Sperm histones represent an essential part of the paternally transmitted epigenome, but uncertainty exists about the role of those remaining in non-coding and repetitive DNA. We therefore analyzed the genome-wide distribution of the heterochromatic marker H4K20me3 in human sperm and somatic (K562) cells. To specify the function of sperm histones, we compared all H4K20me3-containing and -free loci in the sperm genome. Sperm and somatic cells possessed a very similar H4K20me3 distribution: H4K20me3 peaks occurred mostly in distal intergenic regions and repetitive gene clusters (in particular genes encoding odorant-binding factors and zinc-finger antiviral proteins).

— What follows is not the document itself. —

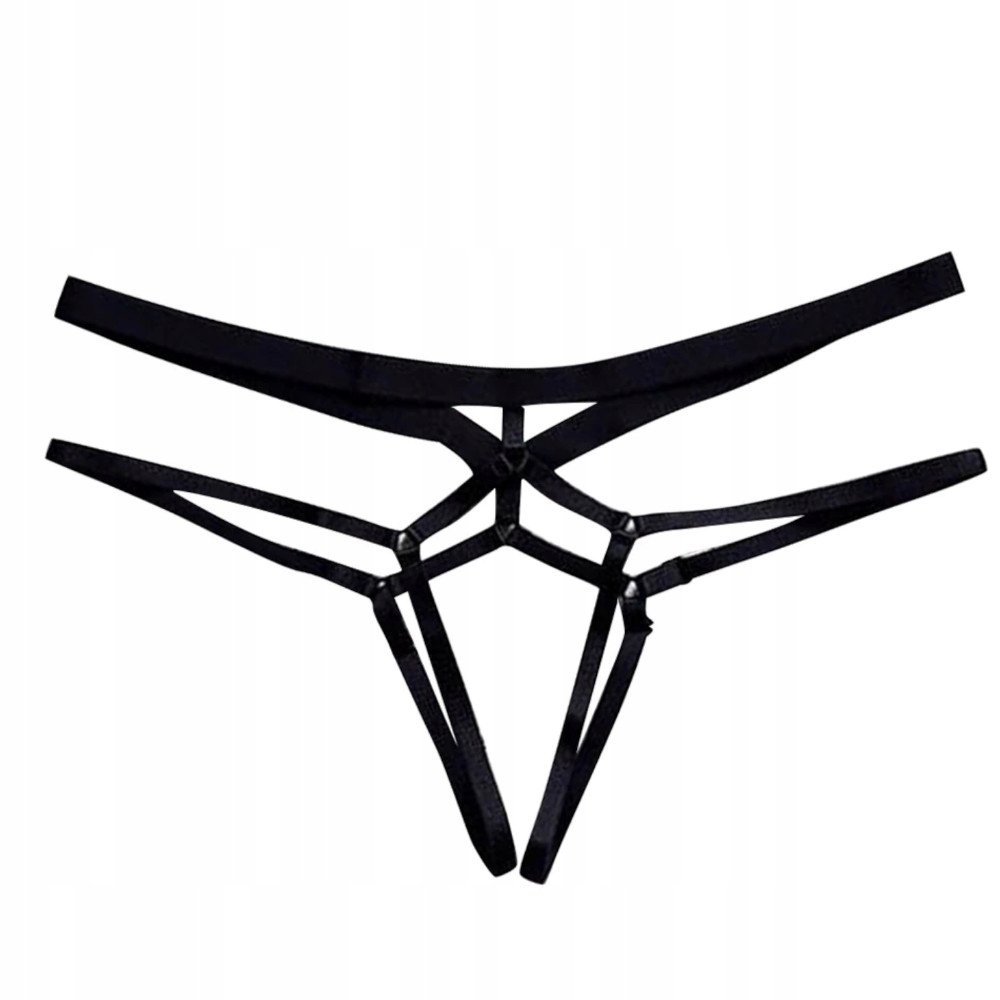 Stringi Z Otwartym Krokiem Sexy Erotyczne Majtki Dziurką Do Seksu Czarne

In both cell types, H4K20me3 peaks were enriched in LINEs, ERVs, satellite DNA and low complexity repeats. In contrast, H4K20me3-free nucleosomes occurred more frequently in genic regions (in particular promoters, exons, 5′-UTR and 3′-UTR) and were enriched in genes encoding developmental factors (in particular transcription activators and repressors). H4K20me3-free nucleosomes were also detected in substantial quantities in distal intergenic regions and were enriched in SINEs. Thus, evidence suggests that paternally transmitted histones may have a dual purpose: maintenance and regulation of heterochromatin and guidance towards transcription of euchromatin.